Assigned task: What you return must match, exactly, the lines running from the one containing "Chingford Road, Walthamstow, London, E17" to the end of the data, both included, and must contain no pictures.

Collected data:
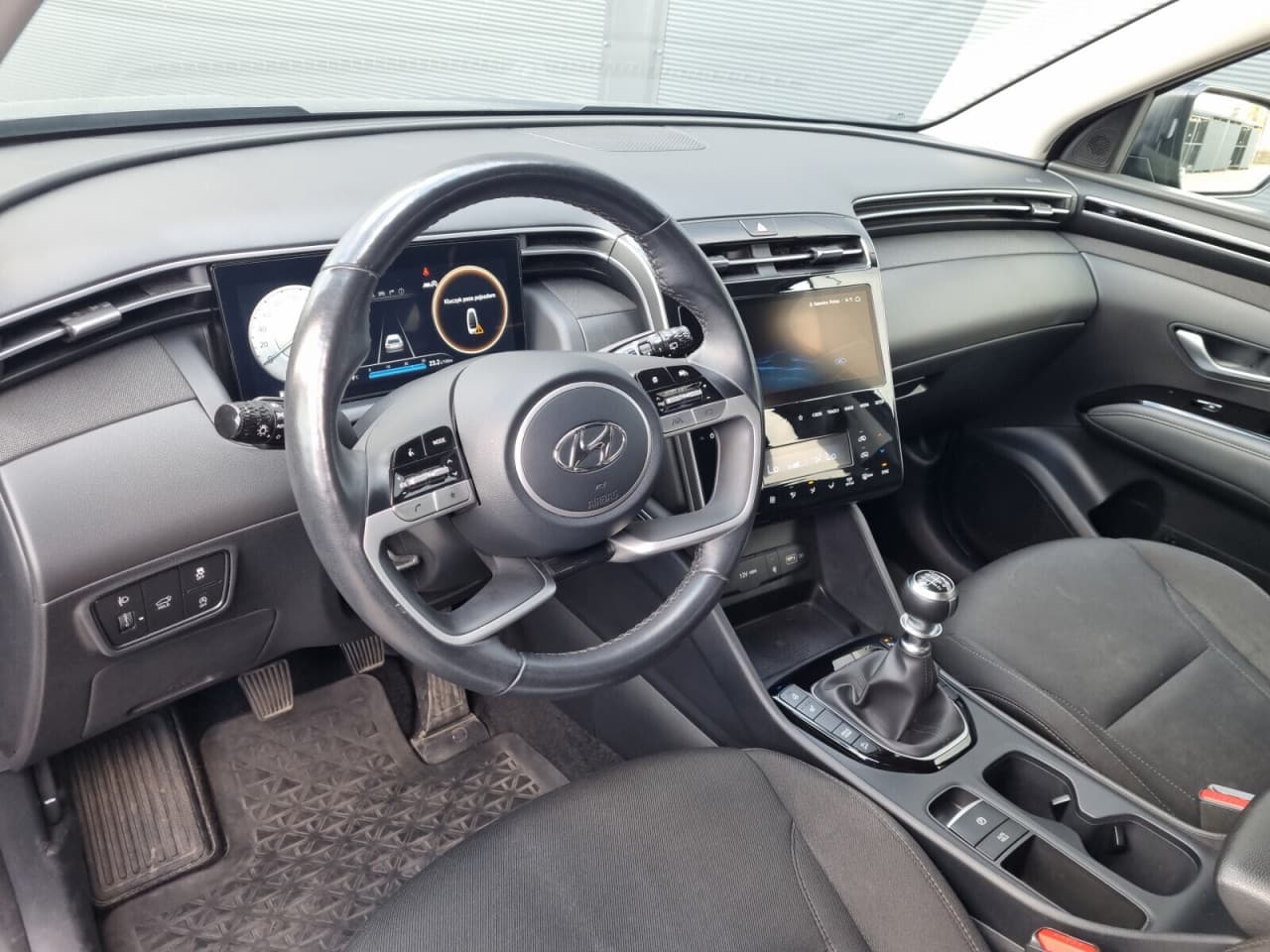 Hyundai Tucson - zdjęcie 9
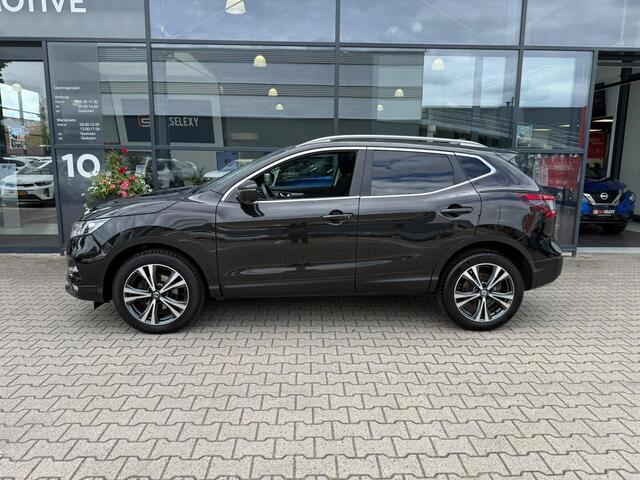 Nissan QASHQAI 1.2 N-Connecta *Panoramadak & Cruise Control*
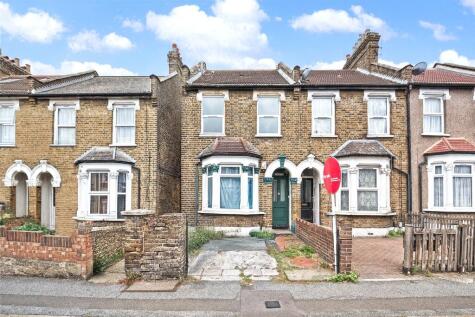 Chingford Road, Walthamstow, London, E17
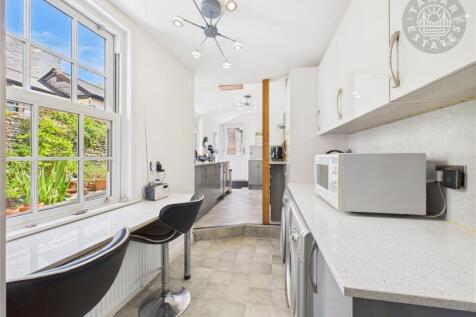 Kitchen/Breakfast Rm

Result of this exercise:
 Chingford Road, Walthamstow, London, E17
 Kitchen/Breakfast Rm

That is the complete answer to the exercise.